Ever since we learned that Dish Network is just as interested in acquiring Sprint as Japanese carrier Softbank is, the latter has been pretty quiet – until now. As we have come to just find out, the Japanese company has funded an industry study that says any proposed benefits of a Dish/Sprint merger are “unsubstantiated and unrealistic.”
According to this study, “Dish’s $37 billion estimate of the NPV (net present value) of total synergies created in the proposed Dish/Sprint merger is unusually high and there are multiple reasons to believe that Dish’s projections are neither achievable nor credible.” It goes on to explain that Dish never considered the actual integration costs for a combined company, which could be as high as $3.5 billion, and because the two companies operate in entirely different sectors (television and telecommunications), any claimed synergies would be difficult if not impossible to achieve.
Softbank claims that its experience in building out LTE in Japan would help Sprint’s current LTE buildout.
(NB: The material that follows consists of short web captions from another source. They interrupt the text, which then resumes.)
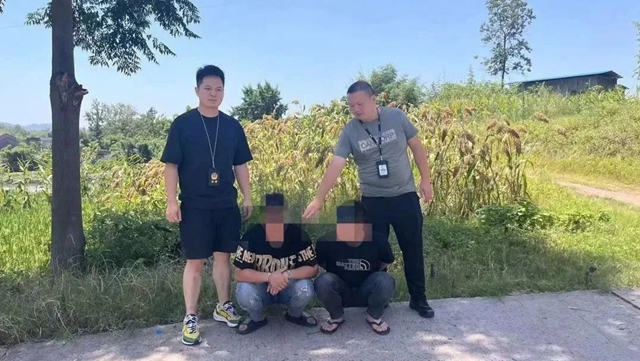 油4.jpg
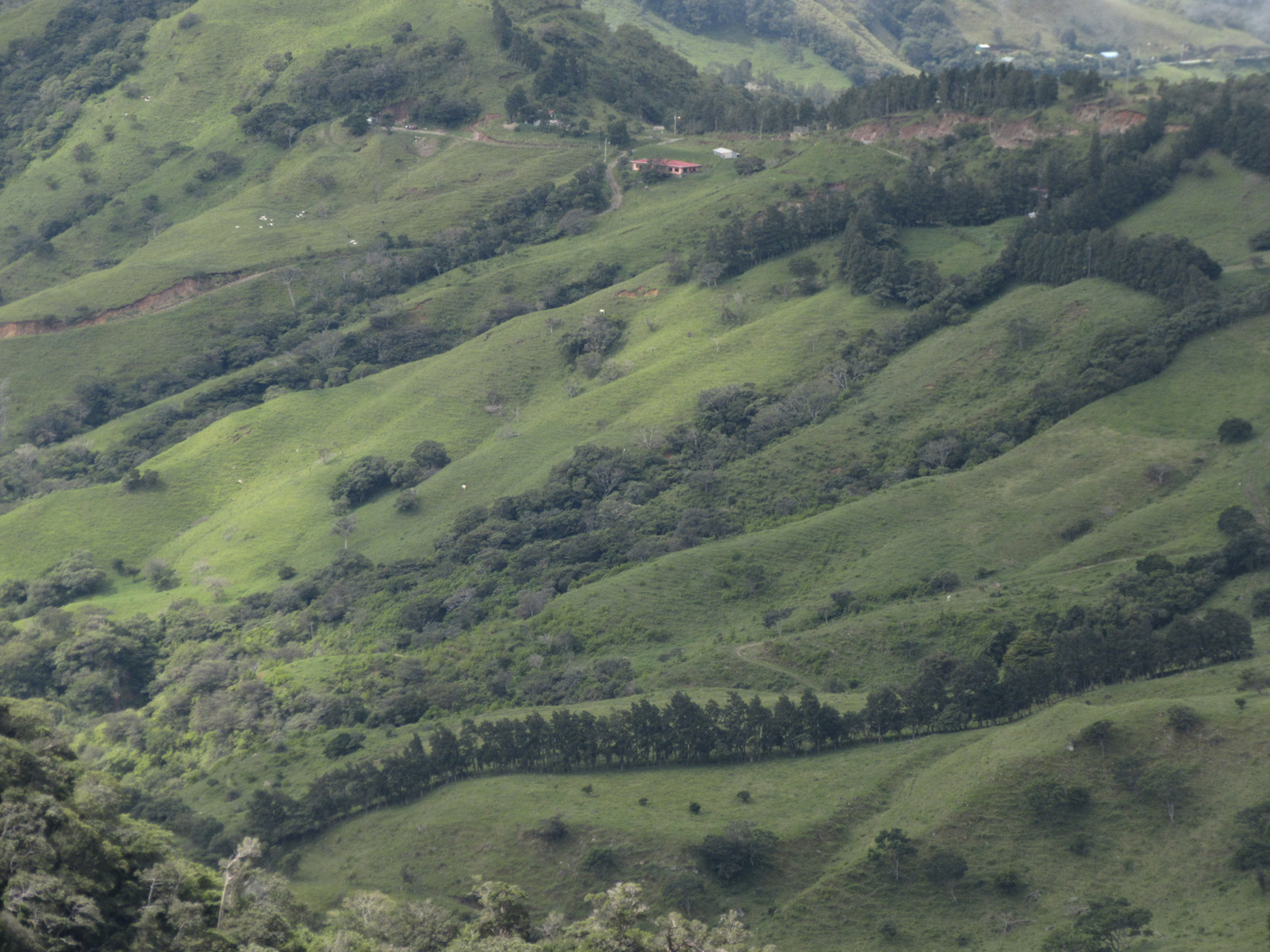 Hike Monte Verde 6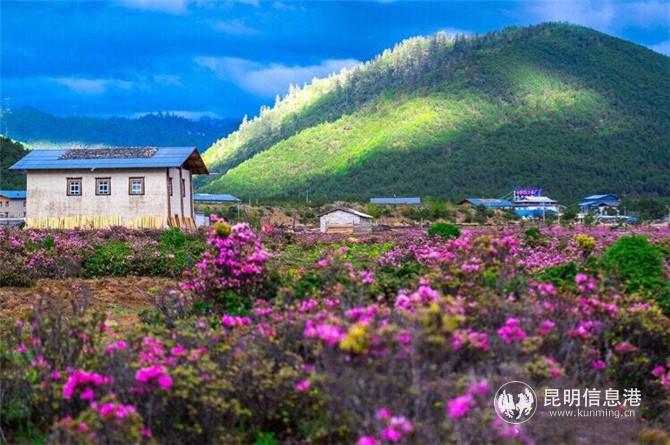 圖片來源于網(wǎng)絡(luò) 圖片來源于網(wǎng)絡(luò)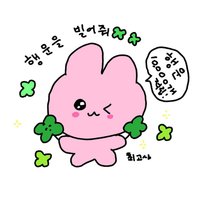 hachi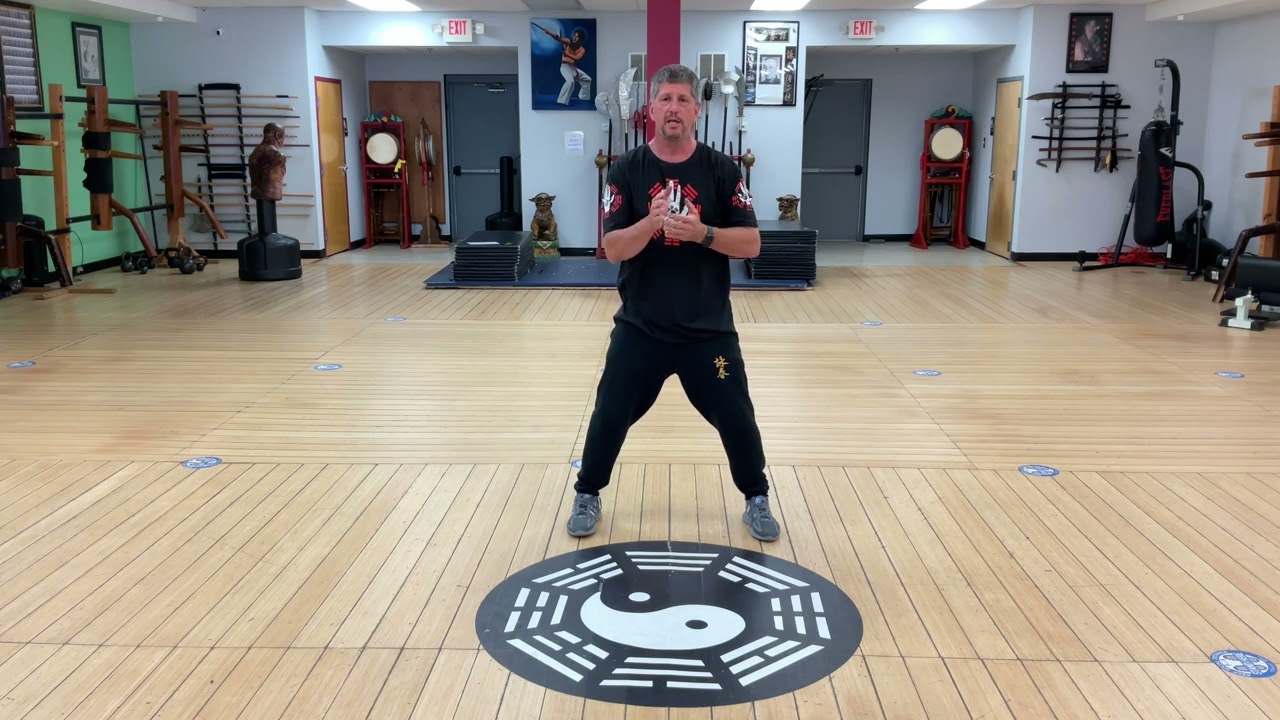 Wing Chun Daan Chi Sao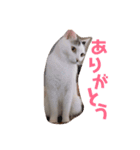 猫のうどん（個別スタンプ：6）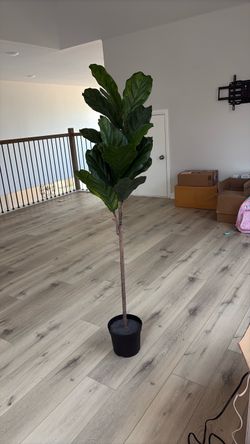 Tall Artificial Fiddle Leaf Fig Tree
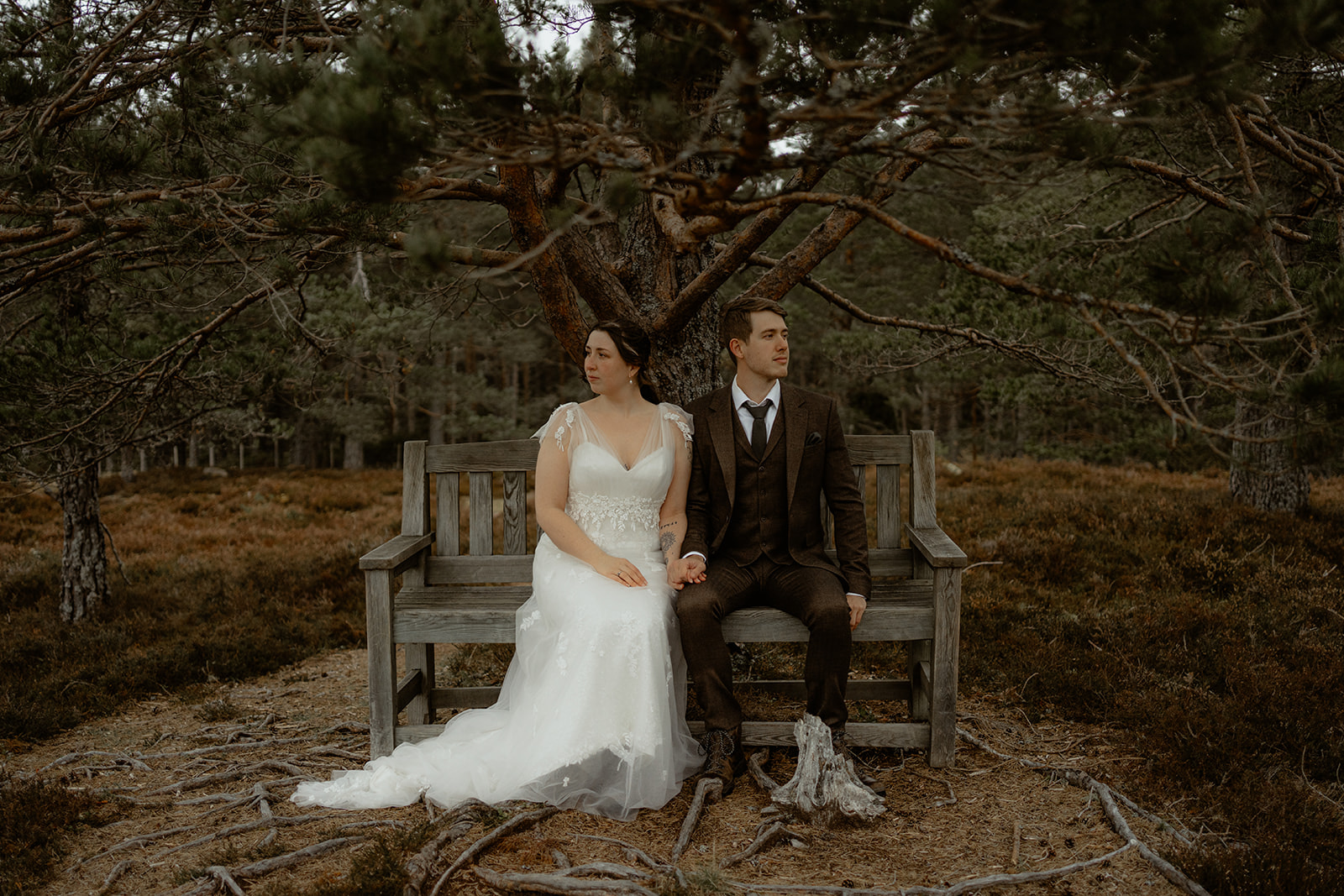 Cairngorm elopement. Couple sitting on bench underneath large tree holding hands.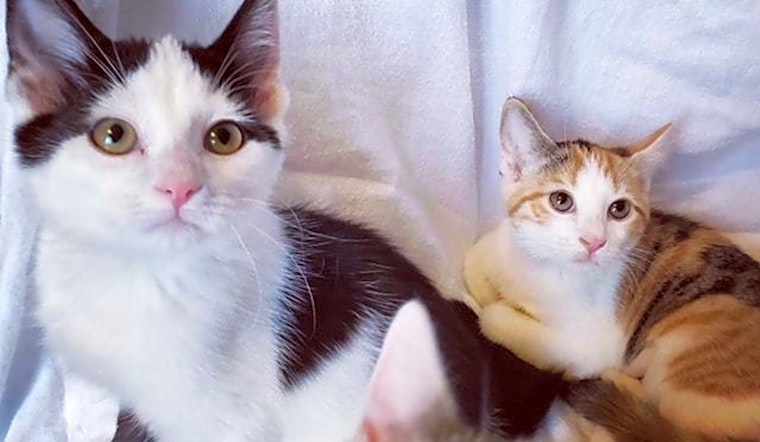 7 fluffy felines to adopt now in Lexington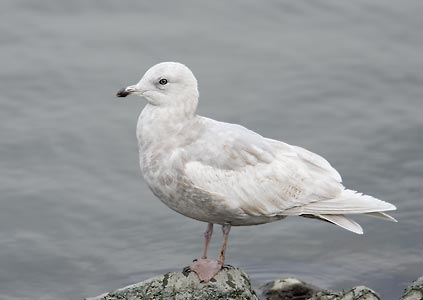 Iceland Gull (Larus glaucoides) photo
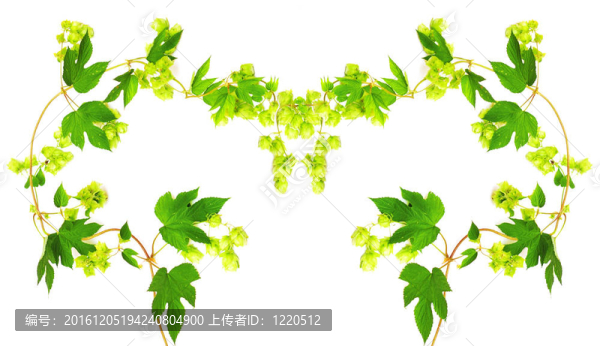 鮮枝枝框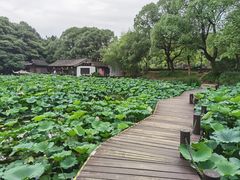 -兰亭风景区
Dish’s official response is that, as an American company, it would be better for the US economy and for US job creation to maintain ownership of Sprint domestically. Additionally, Dish is offering Sprint more money ($25.5 billion instead of Softbank’s $20.1 billion offer), which is better for shareholders, along with more spectrum for Sprint. Dish also reminds us that this study was funded by Softbank, which is therefore not as objective as an independent third-party study.
Personally, I’m starting to find Dish’s arguments a little more convincing than Softbank’s, and I’m interested to see what the two companies might be able to accomplish together.
Whom would you rather see purchase Sprint?[Softbank via CNET]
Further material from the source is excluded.